Victoria Bond and T.R.
(Tanya) Simon, who met 10 years ago in publishing, come across much as narrator
Carrie Brown and young Zora Neale Hurston do in the authors' debut novel--best
friends who complement each other. Watching their easy, teasing rapport, we had
the feeling that their own friendship might serve as the model for the one at
the core of Zora and Me.
What aspects of Zora
Neale Hurston's childhood give structure to your novel?
T.R. Simon: The Loving
Pine was the real pine from her childhood. Her siblings are her real siblings.

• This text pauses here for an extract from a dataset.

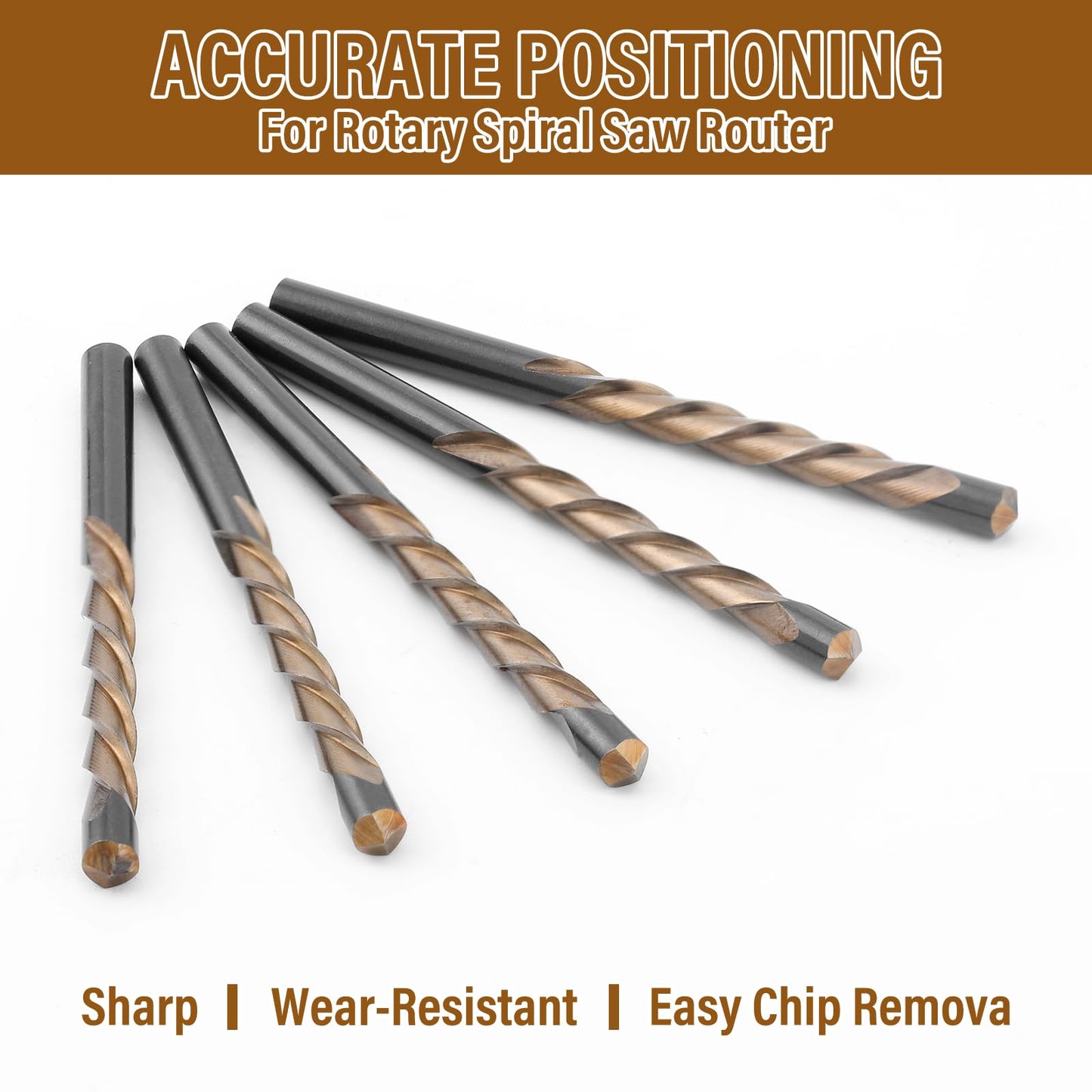 Tondiamo 100 Pcs Drywall Bit Drywall Guide Point Cutting Router Bits Tools for Use with Spiral Saw (5/32")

The sorts of things she does are the things that she did. We changed it, but we
always took the spirit from Zora herself.
Victoria Bond: I
always tried to conform to Zora's vision of herself as a girl. I never wanted
to stray from that.
TRS: The limits
on Zora were the limits on our character. And again, we were really mindful of
who Zora became as an adult.
VB: It's an
origin story. These are three prequels to the life of Zora.
The Florida
swamplands are so integral to the story, too.
TRS: I was
obsessed that they live in this unviolated, natural context that's also home to
the razorback pig, providing them with wonder. My father's from the South, so
the land was a big thing with him. He grew up a sharecropper, and he always
said that one of the saddest things for him in the Great Migration was that
along the way we began to lose our connection with the land. Despite the
history of slavery, the connection to the land is very meaningful to black
life. The rhythms of the natural world, the way animals are born and die, the
way the crops are sown and harvested--it was so important to me as a child.
The narrative voice
is very polished, while the dialogue celebrates the poetry of spoken language. How
did you decide to differentiate between the two?
VB: I think we
always want the best of both worlds in a way. You want the loveliness and the
flavor of speech as it's spoken. At the same time, the construction of the
narrator, especially in considering the two books to come, is really important.
The construction allows you to emphasize that this is a loss of innocence
story, and to reflect on how people would relate to each other, and especially
the way the kids would speak to each other. I think Zora was a master of it in
her work, and also in her life, in her ability to speak many languages and
dialects. She said something about when she first started collecting folklore
for Mules and Men, she spoke like a
graduate of Barnard, and that didn't facilitate the way she gathered the
folklore. When she went back to the language of her childhood, she was able to
gather them more easily. What language, what mode of expression is more real?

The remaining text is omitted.